____ DATA FOR REVIEW
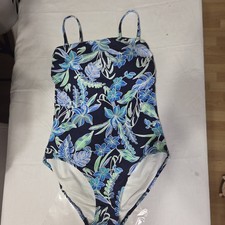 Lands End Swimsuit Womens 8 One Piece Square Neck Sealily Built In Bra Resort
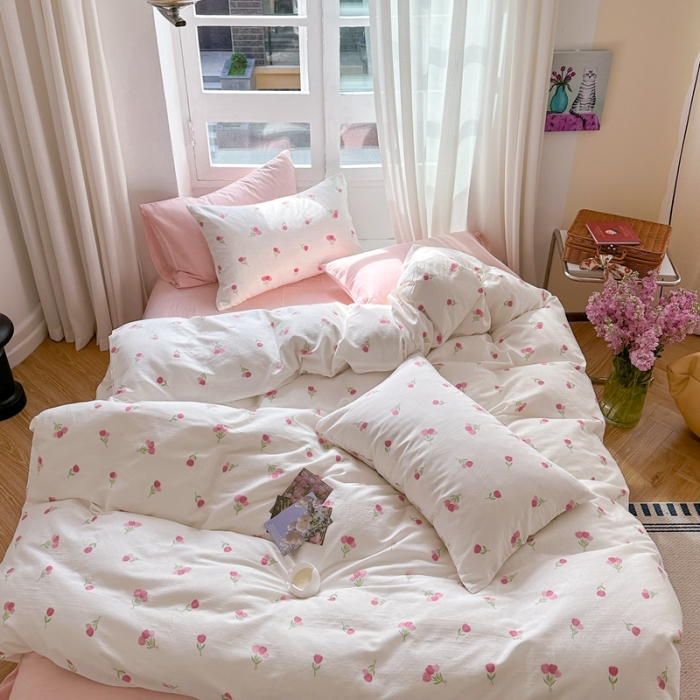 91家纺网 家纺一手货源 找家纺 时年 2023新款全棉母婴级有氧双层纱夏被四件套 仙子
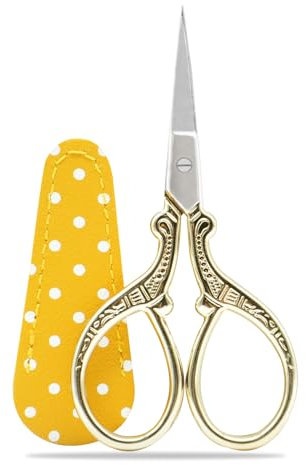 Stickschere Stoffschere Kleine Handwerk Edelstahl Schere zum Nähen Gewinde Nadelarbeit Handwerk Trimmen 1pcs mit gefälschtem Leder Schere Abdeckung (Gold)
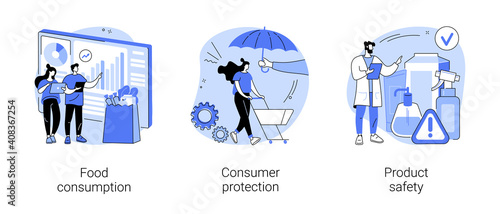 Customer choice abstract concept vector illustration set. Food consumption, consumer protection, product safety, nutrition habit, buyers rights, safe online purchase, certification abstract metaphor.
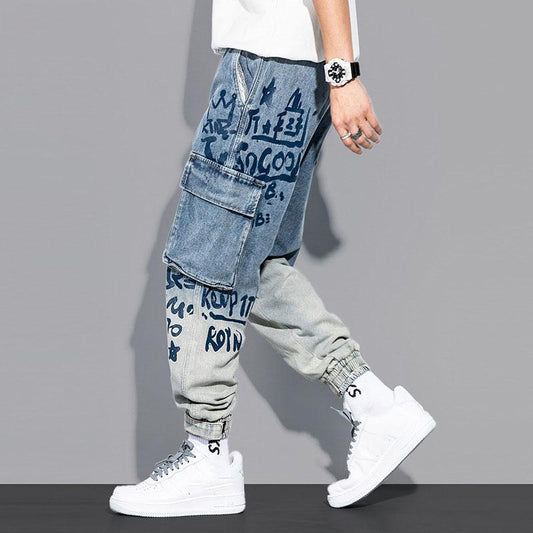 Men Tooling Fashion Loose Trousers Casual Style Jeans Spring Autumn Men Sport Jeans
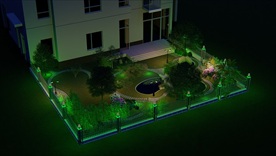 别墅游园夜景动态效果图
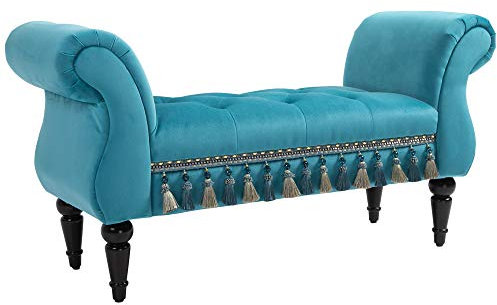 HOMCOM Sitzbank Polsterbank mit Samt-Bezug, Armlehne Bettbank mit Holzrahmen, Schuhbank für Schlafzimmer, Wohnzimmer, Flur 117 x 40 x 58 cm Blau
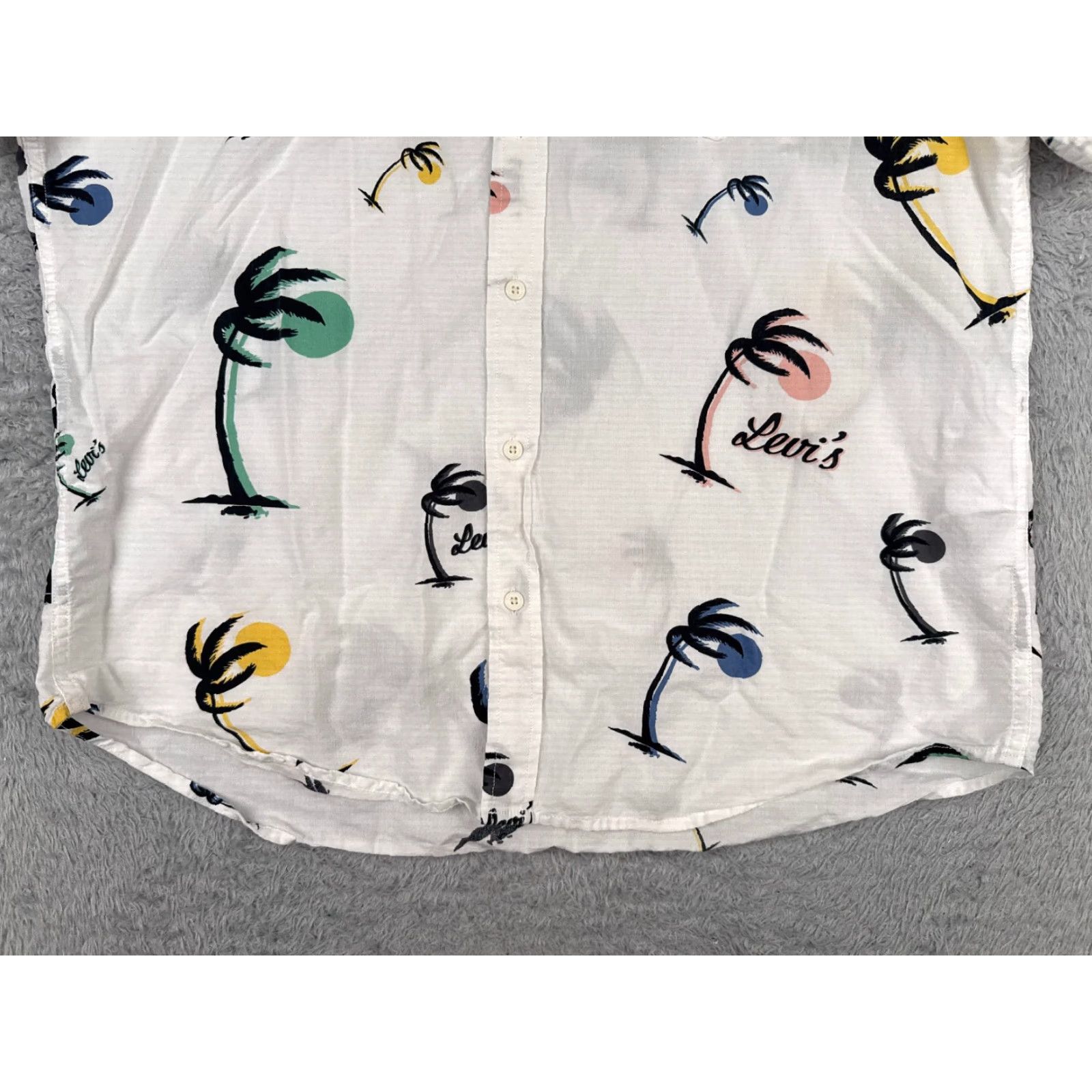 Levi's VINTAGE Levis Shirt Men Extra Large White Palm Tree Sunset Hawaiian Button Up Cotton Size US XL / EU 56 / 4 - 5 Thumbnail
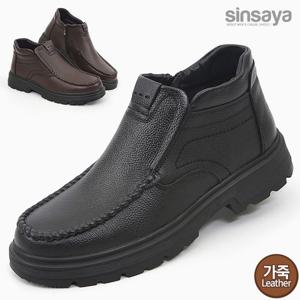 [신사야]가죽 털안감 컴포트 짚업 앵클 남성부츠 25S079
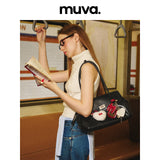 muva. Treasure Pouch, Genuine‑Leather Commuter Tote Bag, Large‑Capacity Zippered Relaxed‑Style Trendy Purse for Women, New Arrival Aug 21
________
____ DATA FOR REVIEW
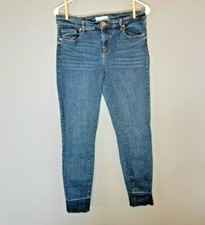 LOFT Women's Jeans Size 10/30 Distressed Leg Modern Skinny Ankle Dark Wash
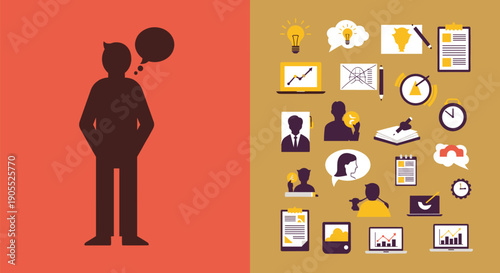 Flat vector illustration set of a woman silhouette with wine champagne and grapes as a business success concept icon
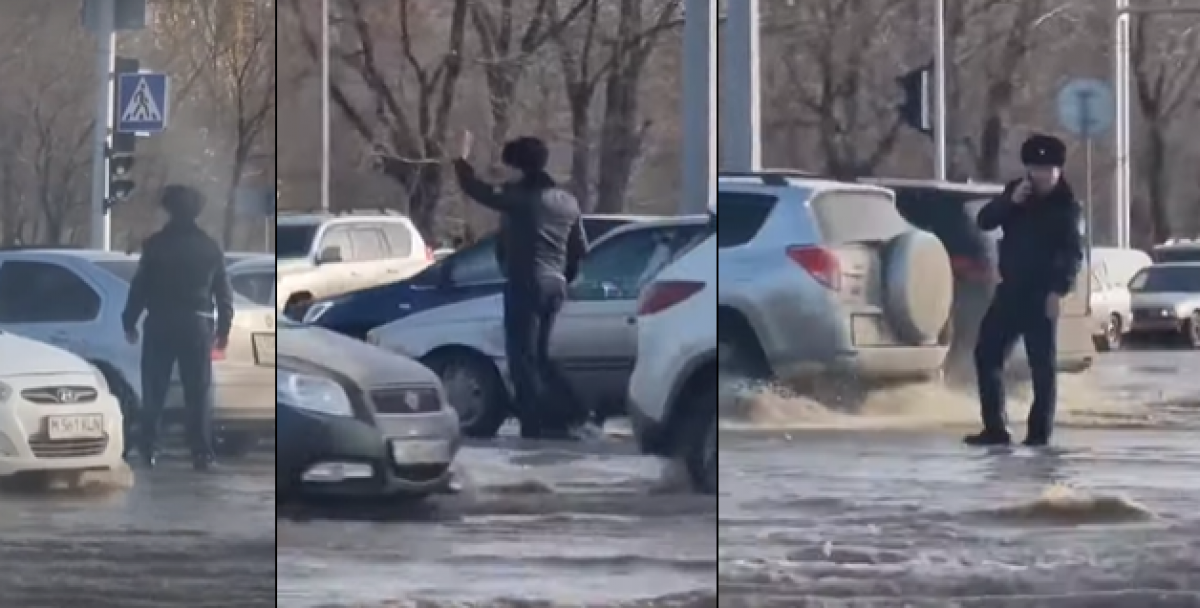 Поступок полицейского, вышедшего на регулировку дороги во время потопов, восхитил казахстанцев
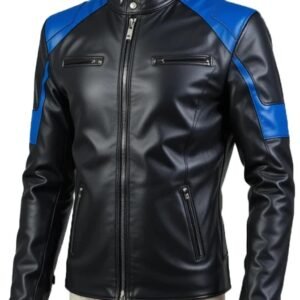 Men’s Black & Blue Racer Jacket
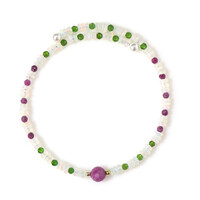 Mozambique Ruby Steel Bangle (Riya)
________
WHAT THE TASK ASKS: Reproduce, exactly and only, the lines of the records above starting at the line with "91家纺网 家纺一手货源 找家纺 时年 2023新款全棉母婴级有氧双层纱夏被四件套 仙子" and ending at the line with "muva. Treasure Pouch, Genuine‑Leather", both included. Leave every picture out.

FINISHED EXERCISE:
 91家纺网 家纺一手货源 找家纺 时年 2023新款全棉母婴级有氧双层纱夏被四件套 仙子
 Stickschere Stoffschere Kleine Handwerk Edelstahl Schere zum Nähen Gewinde Nadelarbeit Handwerk Trimmen 1pcs mit gefälschtem Leder Schere Abdeckung (Gold)
 Customer choice abstract concept vector illustration set. Food consumption, consumer protection, product safety, nutrition habit, buyers rights, safe online purchase, certification abstract metaphor.
 Men Tooling Fashion Loose Trousers Casual Style Jeans Spring Autumn Men Sport Jeans
 别墅游园夜景动态效果图
 HOMCOM Sitzbank Polsterbank mit Samt-Bezug, Armlehne Bettbank mit Holzrahmen, Schuhbank für Schlafzimmer, Wohnzimmer, Flur 117 x 40 x 58 cm Blau
 Levi's VINTAGE Levis Shirt Men Extra Large White Palm Tree Sunset Hawaiian Button Up Cotton Size US XL / EU 56 / 4 - 5 Thumbnail
 [신사야]가죽 털안감 컴포트 짚업 앵클 남성부츠 25S079
 muva. Treasure Pouch, Genuine‑Leather Commuter Tote Bag, Large‑Capacity Zippered Relaxed‑Style Trendy Purse for Women, New Arrival Aug 21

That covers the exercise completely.